Tomaz Silva/Agência BrasilNa decisão proferida na última sexta-feira (18/9), a Corregedoria do TSE (Tribunal Superior Eleitoral) determinou a citação dos investigados, para que apresentem defesa no prazo de cinco dias.
De acordo com a corregedoria, a petição inicial “relata fatos determinados, aponta o proveito eleitoral que deles teria advindo aos candidatos investigados e vem instruída com os instrumentos de repasse, comprovantes de pagamento, publicações oficiais, expedientes de tribunais de contas e o Livro Abre-Alas do desfile, além de rol de testemunhas com a declaração do objeto de cada depoimento”.
Segundo o ministro Ferreira, a deliberação sobre os requerimentos de prova testemunhal, a requisição de informações e documentos, além de prova emprestada, somente ocorrerá após a apresentação das defesas, “quando estiver delimitado o quadro da controvérsia”.
Financiamento indevido
Na ação movida por Flávio, o presidenciável requer investigação de financiamento público indevido ao desfile da escola de samba Acadêmicos de Niterói, que teve como enredo a vida do petista na elite do desfile de Carnaval deste ano no Rio de Janeiro.
Segundo o pleito, a investigação deverá tratar de abuso de poder político e econômico e do uso indevido dos meios de comunicação social.
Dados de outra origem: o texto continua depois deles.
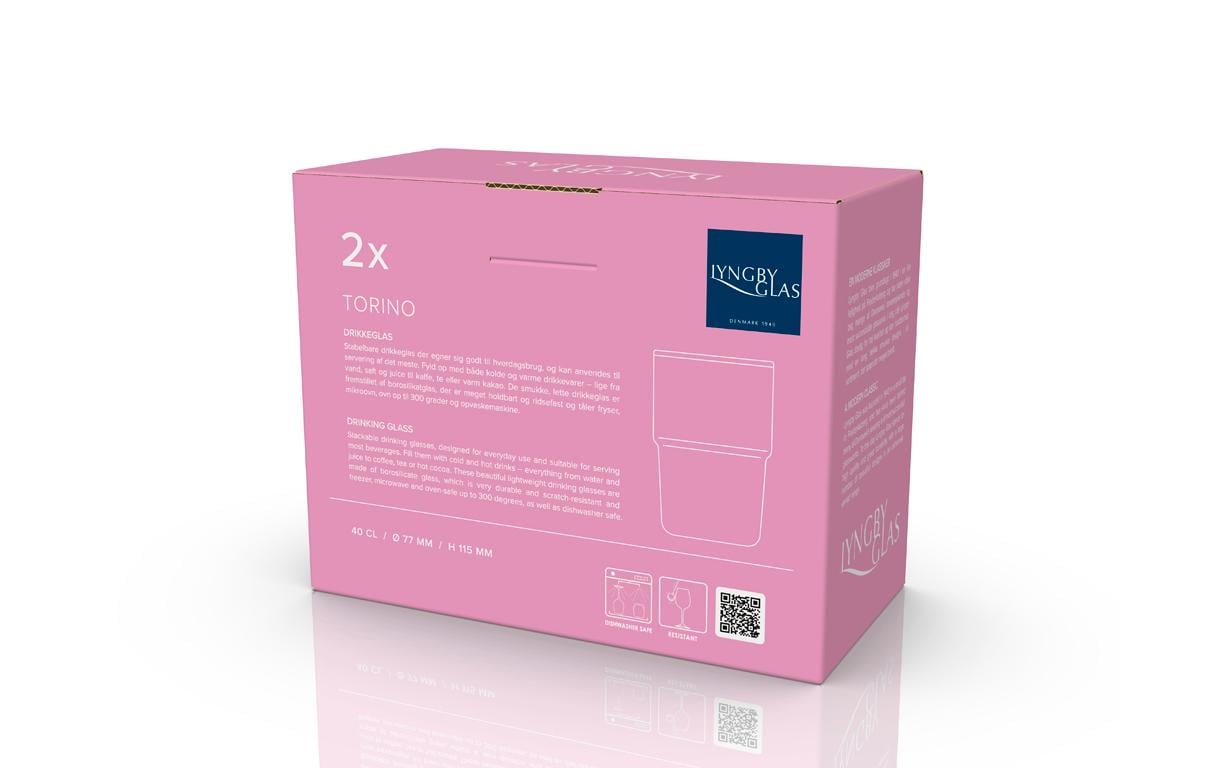Lyngby Glas Trinkglas – 2er Set, 400 ml, Ø 7,7 cm, H 11,5 cm, Glas, Pink, spülmaschinenfest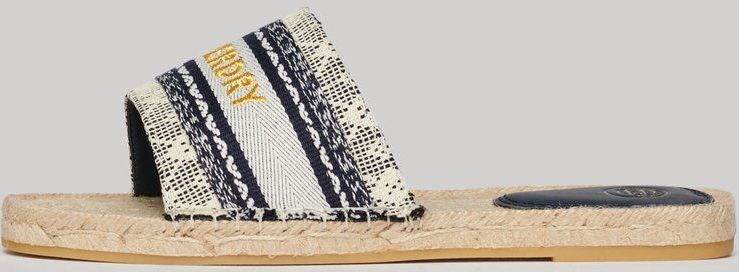 Superdry - Canvas Espadrille Overlay Slider - Beige - Linnen Canvas - Rubberen Zool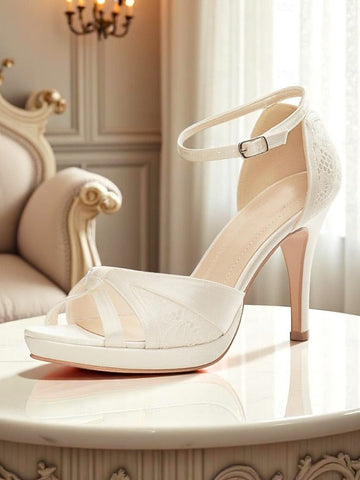 Satin Toe Pink Peep Heel Sandals Women's Elegant with High FashionChic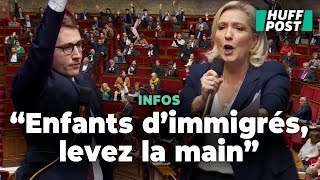 Léaument demande aux descendants d’immigrés de lever la main Le Pen répond « Bardella » [upl. by Yrelbmik]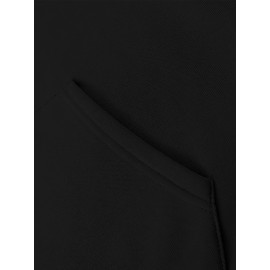 Moletom com Capuz Masculino Preto e Estampa Geométrica - Moletom de Poliéster Macio de Manga Comprida com Capuz Ajustável por Cordão, Bolso Canguru Espaçoso e Conforto para Vestuário Casual Urbano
A ação também requer depoimentos do ex-presidente da Agência Brasileira de Promoção Internacional do Turismo (Embratur) Marcelo Freixo, do prefeito da cidade de Niterói, Rodrigo Neves (PDT), e da primeira-dama Janja da Silva.
Isso porque, conforme a petição, Flávio e Gaspar alegam que os municípios do Rio de Janeiro, de Niterói, o Estado do Rio de Janeiro e a Embratur teriam destinado R$ 9,6 milhões à escola de samba.
Segundo o presidenciável, o desfile da escola fluminense teria contado com receitas privadas e não esclarecidas, provavelmente oriundas de empresas com contratos públicos e sem histórico de patrocínio ao Carnaval carioca.